- Data under study
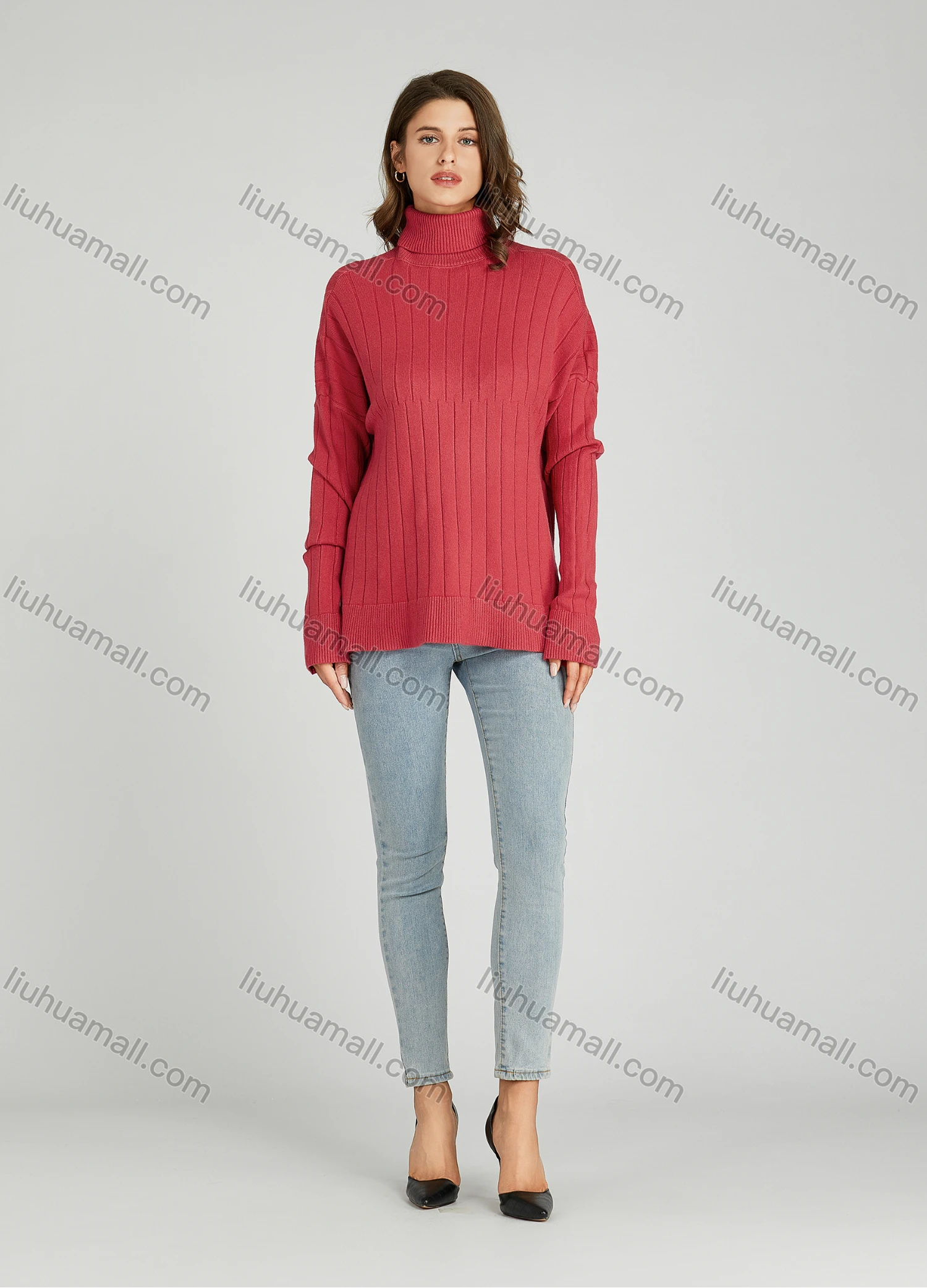 Wholesale Women's Casual Plain Turtleneck Side Slit Long Sleeve Ribbed Sweater HB1068# - Liuhuamall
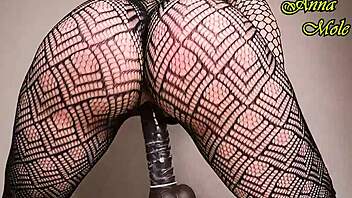 pawg in sexy black tights rides big dildo closeup!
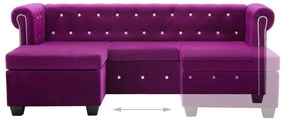 Canapea Chesterfield, forma L, catifea, 199x142x72 cm, violet Mov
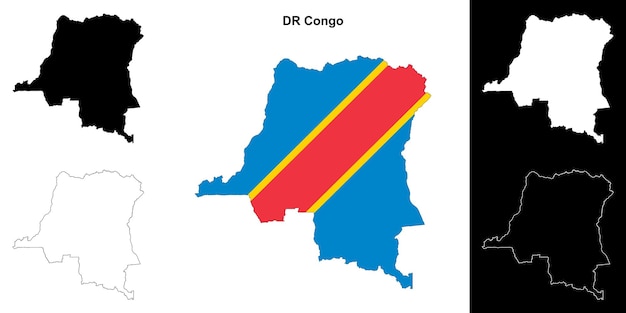 DR Congo blank outline map set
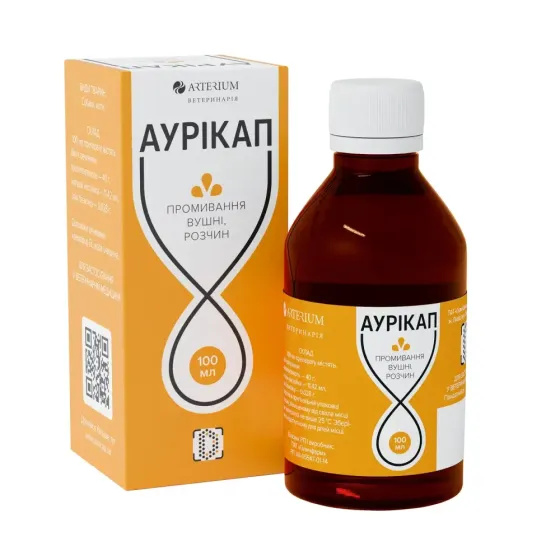Аурикап раствор для промывания ушей кошек и собак (100 мл), Артериум Винница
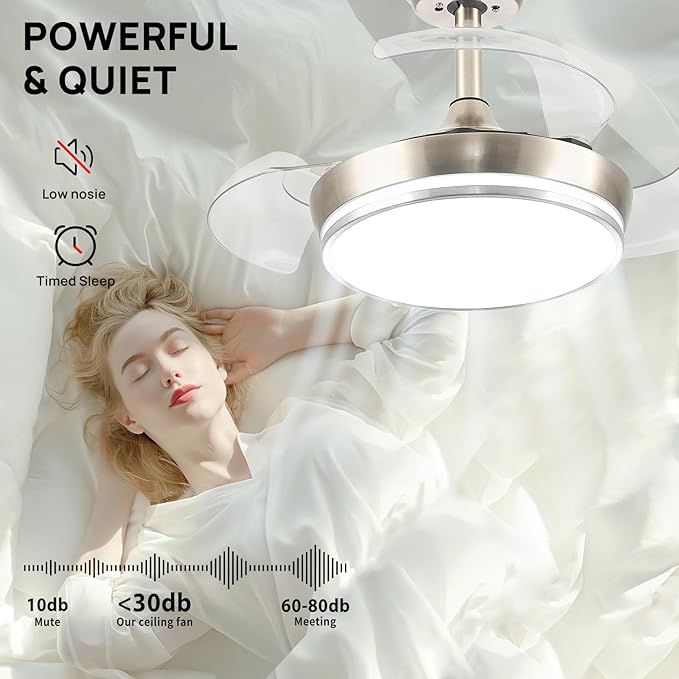 STERREN 30" Retractable Ceiling Fans with Lights, Dimmable LED Ceiling Fan Remote Control, Modern Small Fan Light for Bedroom Living Room Dinning Room Kitchen, 3000K-6500K, 6 Speed (Brushed Nickel)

- Exercise instructions
Transcribe each record exactly as it appears, but omit every picture.

- Task result
 Wholesale Women's Casual Plain Turtleneck Side Slit Long Sleeve Ribbed Sweater HB1068# - Liuhuamall
 pawg in sexy black tights rides big dildo closeup!
 Canapea Chesterfield, forma L, catifea, 199x142x72 cm, violet Mov
 DR Congo blank outline map set
Аурикап раствор для промывания ушей кошек и собак (100 мл), Артериум Винница
 STERREN 30" Retractable Ceiling Fans with Lights, Dimmable LED Ceiling Fan Remote Control, Modern Small Fan Light for Bedroom Living Room Dinning Room Kitchen, 3000K-6500K, 6 Speed (Brushed Nickel)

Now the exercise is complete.